Hepatitis C virus seropositivity and TNF superfamily receptors: sCD40, sFas--the new putative determinants of endothelial dysfunction in haemodialysis patients.

Introduction: Hepatitis C virus (HCV) infection occurs frequently among haemodialysis (HD) patients and increases the risk of atherosclerosis. CD40 and Fas belong to tumor necrosis factor receptor (TNFR) superfamily, which play a role in hepatocyte apoptosis during HCV infection. The aim of the present study was to determine whether anti-HCV-seropositivity constitutes an additional risk factor for endothelial dysfunction in HD patients, and whether sCD40 and sFas could be associated with endothelial dysfunction.

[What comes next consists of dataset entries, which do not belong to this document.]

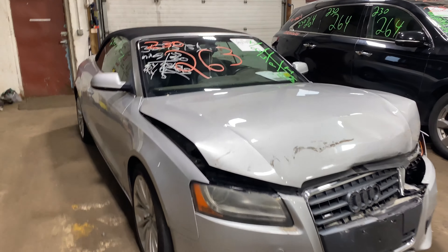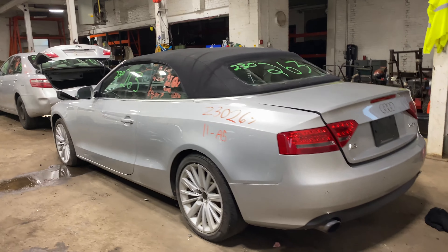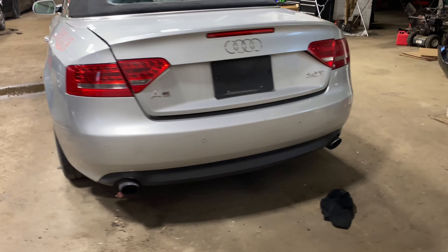Welcome to Tom's Fun Auto Parts Video Inventory. Today's stock number 230263. We have a 2011 Audi A5 convertible, 64,000 miles on that four-cylinder two-liter turbo. This one did come to us from local auction.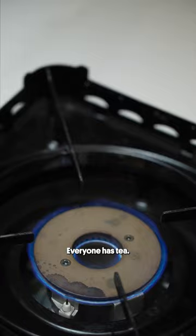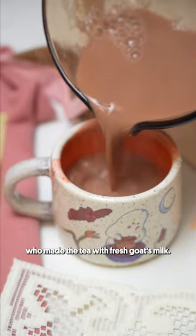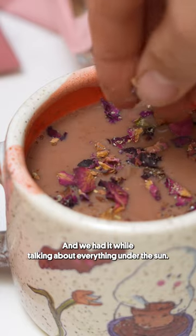Tea culture is a big part of Kashmir — everyone has tea. One of the best Noon Chais that I've ever had was with a shepherd who made the tea with fresh goat milk, and we had it while talking about everything under the sun.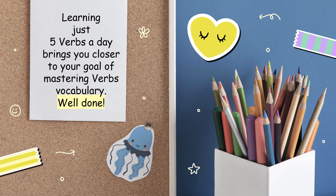Learning just five verbs a day brings you closer to your goal of mastering verbs vocabulary. Well done!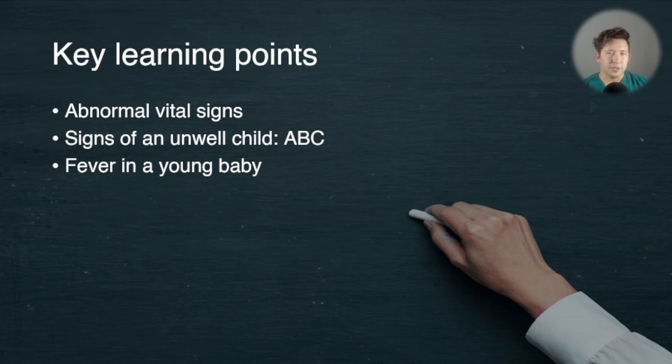To wrap up, here are the three key learning points from the first video. First, take abnormal signs seriously — particularly any abnormal observations, especially heart rate or oxygen levels. Second, remember the Paediatric Assessment Triangle for recognising an unwell child: appearance using the mnemonic TICKLES (Tone, Interactivity, Consolability, Look, and Speech or cry), then breathing — looking for signs of respiratory distress — and circulation, which is usually assessed by colour: whether the child is pale, mottled, or cyanotic.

Materials And Methods: A total of 69 stable HD patients and 28 healthy controls were included in this study. Patients were divided into anti-HCV-seropositive (HCV[+], n=18) and anti-HCV- seronegative (HCV[-], n=51). The plasma endothelial markers: von Willebrand factor (vWF), thrombomodulin (TM), soluble adhesion molecules - sICAM-1, sVCAM-1 and TNFRs were assayed.

Results: HD patients showed a significant increase in the levels of TM, sVCAM-1, sCD40 and sFas compared to controls, and all these parameters were higher in HCV[+] than in HCV[-] patients. sICAM-1 concentrations were higher in the HCV[+] group compared to controls and the HCV[-] group. vWF levels were higher in HD patients than in the controls, however there was no difference in this parameter between HCV[+] and HCV[-] group. The anti-HCV-seropositivity and sCD40 were determined as an independent variables of TM, whereas anti-HCV-seropositivity and sFas were found as independent determinants of sICAM-1 and sVCAM-1 levels.

Conclusions: This study showed that anti-HCV-seropositivity and TNF superfamily receptors: sCD40 and sFas are the novel determinants of the increased plasma endothelial dysfunction markers in haemodialysis patients.